* [LISTED ENTRIES]:
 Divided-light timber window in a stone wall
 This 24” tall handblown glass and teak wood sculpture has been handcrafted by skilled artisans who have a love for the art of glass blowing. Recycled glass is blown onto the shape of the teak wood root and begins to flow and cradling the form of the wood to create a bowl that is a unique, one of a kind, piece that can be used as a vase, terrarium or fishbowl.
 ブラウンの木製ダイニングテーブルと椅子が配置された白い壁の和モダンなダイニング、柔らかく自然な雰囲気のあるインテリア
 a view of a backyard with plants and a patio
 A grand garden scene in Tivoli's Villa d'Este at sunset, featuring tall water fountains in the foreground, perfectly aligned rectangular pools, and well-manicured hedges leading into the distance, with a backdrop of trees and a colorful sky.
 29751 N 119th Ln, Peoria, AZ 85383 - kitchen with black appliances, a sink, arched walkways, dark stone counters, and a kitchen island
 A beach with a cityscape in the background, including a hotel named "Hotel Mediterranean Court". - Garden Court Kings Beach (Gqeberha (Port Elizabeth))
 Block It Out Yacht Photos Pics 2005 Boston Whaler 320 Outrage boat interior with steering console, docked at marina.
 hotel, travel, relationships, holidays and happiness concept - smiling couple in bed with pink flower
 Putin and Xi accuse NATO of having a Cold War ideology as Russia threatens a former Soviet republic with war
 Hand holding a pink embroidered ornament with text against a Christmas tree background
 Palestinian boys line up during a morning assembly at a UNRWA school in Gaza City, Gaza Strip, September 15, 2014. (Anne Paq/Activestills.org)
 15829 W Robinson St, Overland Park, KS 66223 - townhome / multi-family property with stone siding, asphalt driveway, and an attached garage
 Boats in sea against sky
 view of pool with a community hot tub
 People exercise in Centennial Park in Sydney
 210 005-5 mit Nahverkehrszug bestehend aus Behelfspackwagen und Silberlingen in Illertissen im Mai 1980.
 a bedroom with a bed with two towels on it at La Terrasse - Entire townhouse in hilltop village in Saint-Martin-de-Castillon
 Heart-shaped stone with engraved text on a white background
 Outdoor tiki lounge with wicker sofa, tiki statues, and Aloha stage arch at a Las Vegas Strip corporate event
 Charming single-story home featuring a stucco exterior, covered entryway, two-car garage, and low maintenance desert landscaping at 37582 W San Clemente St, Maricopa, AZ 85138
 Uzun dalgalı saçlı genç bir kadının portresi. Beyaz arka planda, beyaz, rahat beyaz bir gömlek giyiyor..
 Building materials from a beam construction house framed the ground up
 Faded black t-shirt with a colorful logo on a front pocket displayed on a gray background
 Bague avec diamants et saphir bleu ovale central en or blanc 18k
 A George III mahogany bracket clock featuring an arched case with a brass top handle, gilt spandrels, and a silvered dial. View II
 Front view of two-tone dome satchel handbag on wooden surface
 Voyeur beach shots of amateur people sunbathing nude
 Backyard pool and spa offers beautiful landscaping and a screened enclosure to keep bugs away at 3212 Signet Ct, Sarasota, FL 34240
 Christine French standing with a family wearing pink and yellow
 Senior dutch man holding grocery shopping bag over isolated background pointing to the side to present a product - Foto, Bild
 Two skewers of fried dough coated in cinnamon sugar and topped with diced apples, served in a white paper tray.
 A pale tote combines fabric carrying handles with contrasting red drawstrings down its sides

* [TASK DESCRIPTION]: Only the lines above from the line with "Charming single-story home" to the line with "Building materials from", those two lines included, should be reproduced exactly.

* [WORKED SOLUTION]:
 Charming single-story home featuring a stucco exterior, covered entryway, two-car garage, and low maintenance desert landscaping at 37582 W San Clemente St, Maricopa, AZ 85138
 Uzun dalgalı saçlı genç bir kadının portresi. Beyaz arka planda, beyaz, rahat beyaz bir gömlek giyiyor..
 Building materials from a beam construction house framed the ground up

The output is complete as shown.